スティーヴ・ハミルトン『解錠師』を読む。既にネット上ではあちらこちらで評判上昇中の本書だが、最初は「え?」と思ったのも確か。
というのも、管理人の記憶する作者スティーヴ・ハミルトンの作品のイメージが、それほどよいものではなかったからだ。
ハミルトンはデビュー作『氷の闇を越えて』でMWA最優秀処女長編賞を受賞、ハヤカワ文庫でもけっこう賑々しく刊行されたと記憶する。ところが当時の書評では、及第点には達しているが優等生的で面白みのないハードボイルド、あるいは欠点の少ない、いかにもコンテスト狙いの作品、といったネガティヴなものが多かった。そのためすぐに読むこともなかったのだが、そういった書評の影響もあってか世間でもそれほど人気は上がらず、いつしか翻訳も途絶え、日本では忘れられた作家となってしまった。
そんな作家の作品が、いきなりネットを賑わしている。新装カバー以降とりわけ優れた作品が目立つポケミスというのも気に掛かる。で、今回は乗り遅れることのないよう、何とか忘れないうちに手に取ってみたわけである。
主人公のマイケルは、八歳のときに体験したある出来事のため、一切ものを話せなくなってしまった。自然、彼は孤独な少年時代を送るようになるが、そのうち絵の才能に目覚め、少しずつ若者らしい生活を取り戻そうとする。

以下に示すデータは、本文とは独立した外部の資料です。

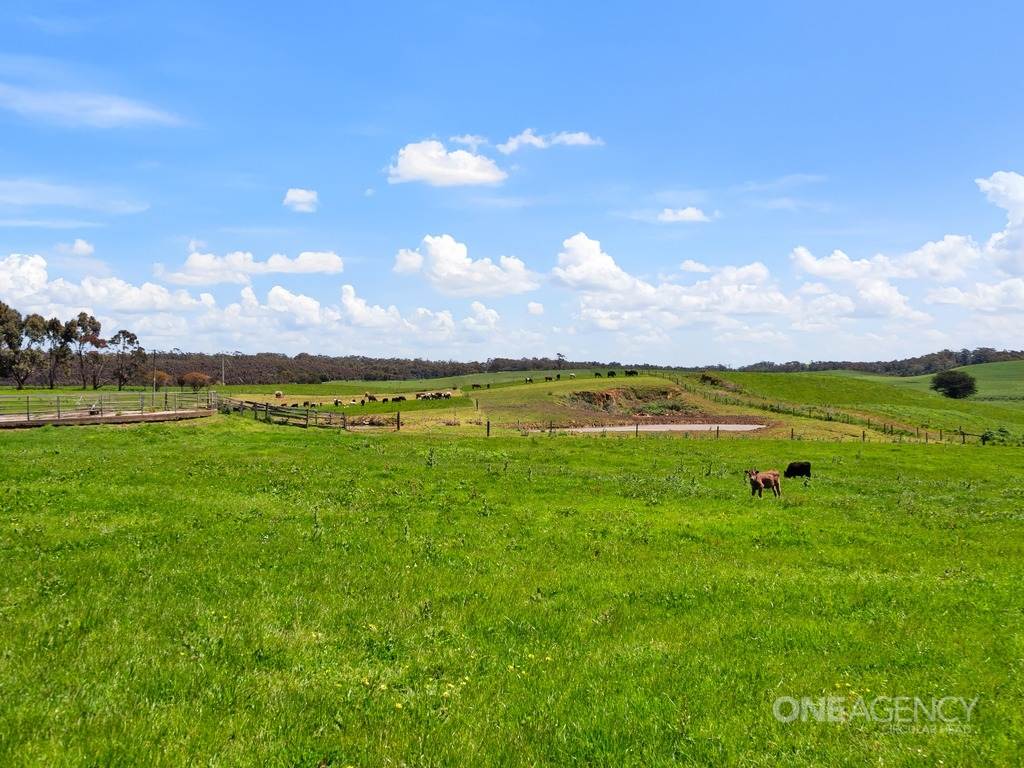 108 Mclachlans Road, Irishtown For Sale by Farmbuy.com - image 27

彼にはもうひとつの隠された才能があった。それが解錠だった。退屈さを紛らわすため手に取ったシリンダー錠に魅了され、次第に腕を上げるマイクル。だが、同級生たちにそそのかされ、いたずらに入った屋敷で捕まったとき、彼の人生は大きく変わってゆく……。

素晴らしい。これは文句なく年間ベストテン級の一作である。
読む前は『解錠師』というタイトルから、金庫破り系ハードボイルドもしくは犯罪小説だと予想していたのだが、まあ、ある程度は予想どおり。こちらの予想を超えたのは、主人公がまだ二十歳前の少年~青年だったということ。しかも、その主人公は絵の才能にも恵まれ、そして何より最大の特徴は、口がきけない、ということなのである。
このように非常に特殊な設定のキャラクターだから、普通は作りすぎの嫌いが出てしまい、嘘くさい話になりがちである。ところが作者はそういうひとつひとつの設定を見事に融合させて、実に自然な流れで主人公の生き様や心理を描いてゆく。

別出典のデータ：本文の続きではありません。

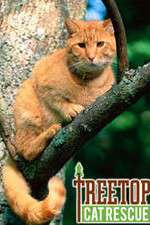 Watch Putlocker Treetop Cat Rescue Online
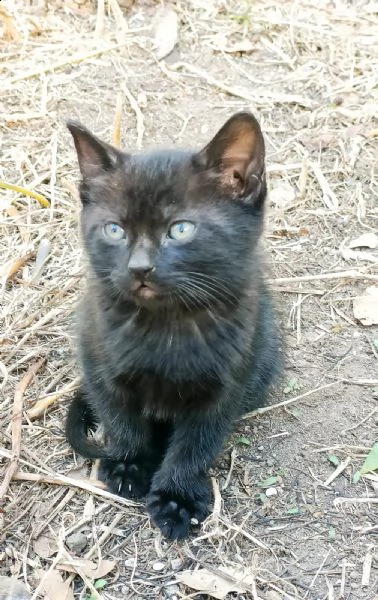 stupendo gattino nero in adozione | Foto 1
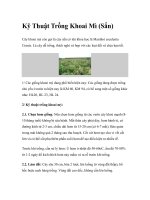 Kỹ Thuật Trồng Khoai Mì (Sắn) ppt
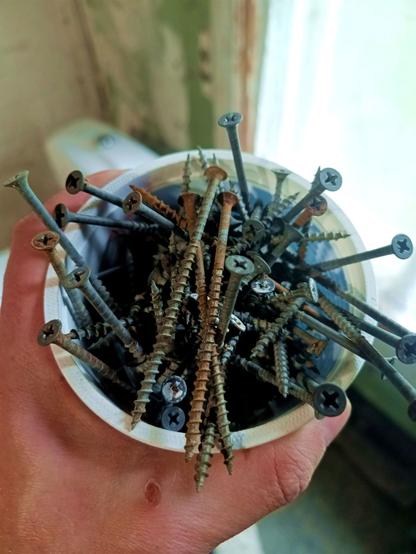 A mascarpone bucket full of wood screws. They're mostly gray with some rust on them. The heads are countersunk Philips, although the Pozidriv bit gripped them better than the Philips, so perhaps they're unmarked Pozidrivs, something I've seen on a lot of Chinese eqipment.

決して明るい話ではない。そもそもはトラウマ故の状態だから、主人公の抱える苦悩はとてつもなく深い。そこに絵や解錠、そしてアメリアという恋人が絡む。解錠という才能があっても、それは必ずしもプラスにはならず、かえってトラブルを生むこともある。正に人生は一歩進んで二歩下がる、そんな日々の繰り返しだ。それでも少しずつ、少しずつ、人生には大切な何かがあることを知り、それを手に入れたいと願う。
ラスト、主人公はまだまだハッピーとは程遠い状態なのだけれど、非常に爽やかな余韻を残すのは、やはりそこに希望があるからだ。もちろん、それこそが作者のメッセージでもある。
念のために書いておくと、ミステリとしての読みどころも十分にある。いわゆるどんでん返しやトリックとは無縁な作品だが、ハミルトンは基本的にハードボイルド作家なので、それを望むのはそもそも間違っている。
読みどころは犯罪小説としての味わい。町のチンピラの羽目外しが、やがて組織犯罪に手を染めるまでに至る過程はなかなか読ませる。そして何といっても解錠や金庫破りの描写。ここまで鍵の開け方を具体的に、あるいは感覚的に描いた作品はあまり記憶がない。
こういった部分だけでも十分に面白いのに、ここに惜しみなく主人公のドラマをミックスさせたことが本作最大の成功の要因だろう。
ちなみに、本書は主人公の回想というスタイルをとっている。ただし、普通に過去から遡るのではなく、ターニングポイントとなる時期を平行して進めるというやり方。このスタイルそのものが、主人公を明らかにするための鍵という構成と考えるのは穿ちすぎだろうか。